Wendy Long, New York Senate Challenger, Says Soldiers Did Not Die For Contraceptive Rights

Senate Challenger Says Soldiers Don't Fight For Right To Contraception

A New York GOP candidate for the U.S. Senate has included in her stump speech the claim that America's fighting men and women are not risking their lives and dying to protect things like expanded access to health care or contraceptive coverage.

Wendy Long, who won last week's primary for the right to take on Sen. Kirsten Gillibrand in the fall, faces a huge gender gap. She is trailing the incumbent Democrat by more than 40 percentage points among New York's women voters.

It's not clear that linking Gillibrand's support of reproductive rights to the sacrifices of military members will help Long close that gap. But the conservative Long has woven that message into her stump speech, making the point in May and June in speeches flagged for The Huffington Post by New York Democrats, who think the remarks will hurt her. (Video excerpts are above.)

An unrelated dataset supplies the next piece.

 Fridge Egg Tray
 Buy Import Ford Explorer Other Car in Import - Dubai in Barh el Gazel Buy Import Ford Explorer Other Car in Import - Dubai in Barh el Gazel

Praising America's warriors as defenders of the Constitution in one speech, Long goes on to say, "They didn't die for what Kirsten Gillibrand is saying -- for the right to force religious employers to pay for their employees' contraception."

"It wasn't so that Kirsten Gillibrand and Barack Obama could regulate us with Health and Human Services regulations mandating that religious employers pay for their employees' contraception," she says in another address. "That isn't why these guys died."